The Board of Directors supervises and controls the management and operations of the company. The duty of the Board is to promote the interests of shareholders and the Group by overseeing the administration and proper organization of operations. The Board of Directors has two committees: the Audit Committee and the Human Resources Committee. The Board has ratified charter regarding its operation. Both committees also have charters ratified by Board of Directors. The Board of Directors is responsible for its operations to General Meeting, which discharges the members of the Board of Directors and the President from liability.
The Board of Directors is responsible for the administration and the proper organization of the operations of the company as well as for the appropriate arrangements of bookkeeping and financial administration. The Board of Directors has an approved charter, and it regularly assesses its validity. According to its charter, the Board of Directors controls and supervises the operations of the Company and the Group and approves the key operating principles, objectives and strategies. The Board of Directors oversees the operations, financials and risk management of the Group.

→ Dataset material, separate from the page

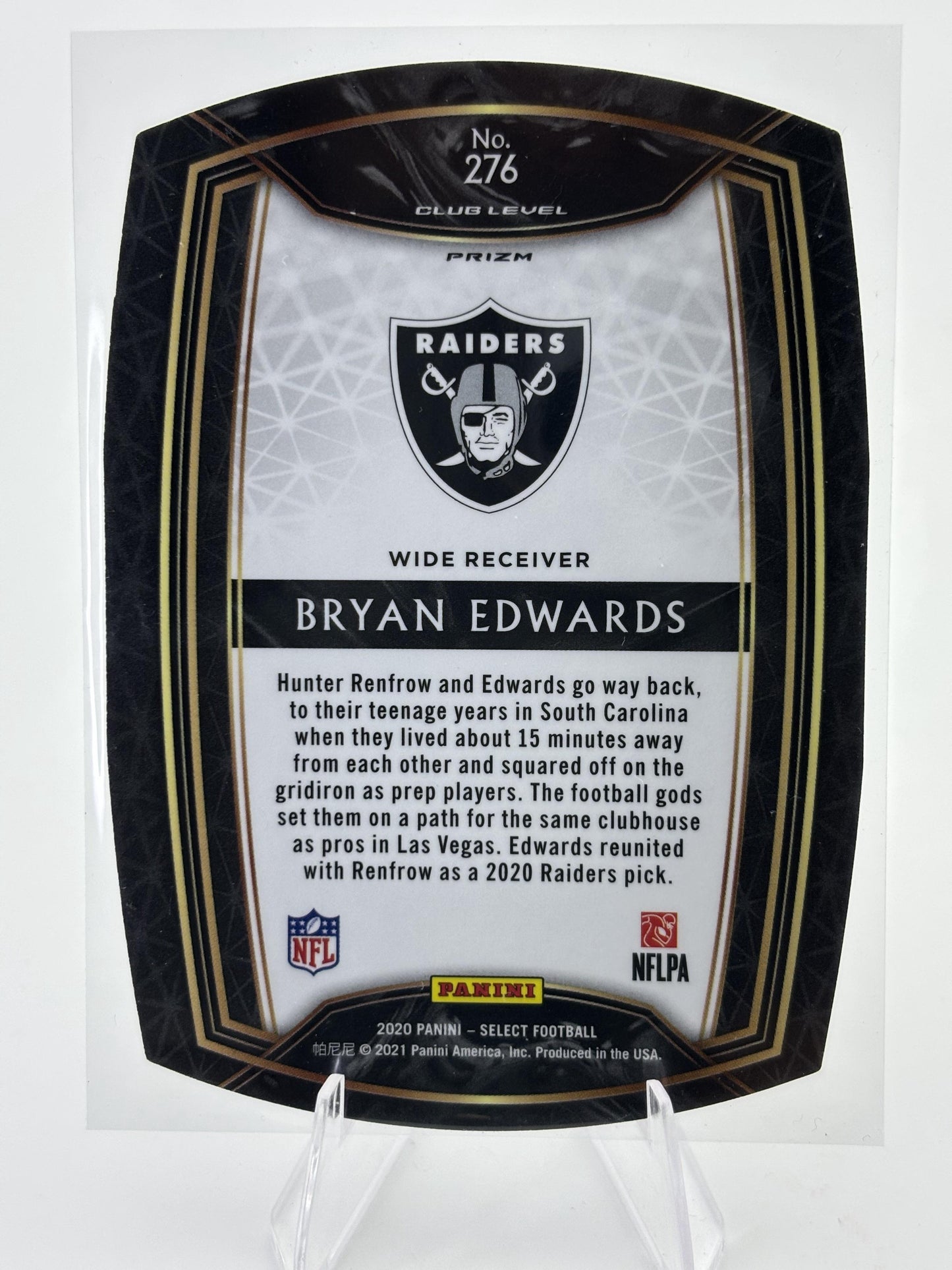2020 Panini Select #276 Bryan Edwards Purple Prizm Die Cut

In particular, the following duties are handled and decided on by the Board of Directors;
Appointment and dismissal of the CEO and his/her optional deputy and senior management and the terms of their employment
The Group’s strategy and long-term objectives
Group budgets and business plans and overseeing their implementation
Approving the financial statements and interim reports
Significant acquisitions and divestments with a value more than 10 million euros and investments with a value of 5 million euros
Bids and agreements with a value of more than 50 million euros
Organization of the Group and
Principles of risk management
According to Articles of Association, the Board comprises of the Chairman and the Vice chairman and 3 to 6 members elected by the general meeting of shareholders. The term of a Board member begins from the general meeting in which they have been elected and ends at the end of the next general meeting.
The first Board of Directors of Caverion Corporation was elected by the Extraordinary General Meeting of YIT Corporation that decided on the partial demerger of YIT Corporation on June 17, 2013.
The majority of the members must be independent of the company as specified in Recommendation 14 of the Finnish Corporate Governance Code. In addition, it is required that at least two members representing this majority be independent of the significant shareholders of the company. The Board shall evaluate the independence of the directors annually. A director shall also discuss the evaluation of their independence in meetings of the Board whenever a change has taken place in circumstances affecting such an evaluation.
Meetings and decision-making
The Board shall convene approximately once a month according to a meeting schedule. Additional meetings may be held at other times when required. The Board of Directors assesses its performance annually.
The Board shall convene at the invitation of the Chairman or, if they are not available, their deputy, and shall be deemed to be a quorum when more than half of the members are present. Decisions are adopted based on a simple majority. In case of a tie, the opinion supported by the Chairman or, if they are not available, the deputy Chairman shall be adopted.
The CEO of the Company and the secretary called by the Board shall usually attend the meetings of the Board. The CEO of the Company and the secretary of the Board shall prepare the meetings and the agenda in cooperation with the Chairman of the Board. The members of the Board evaluate the operation of the Board each year.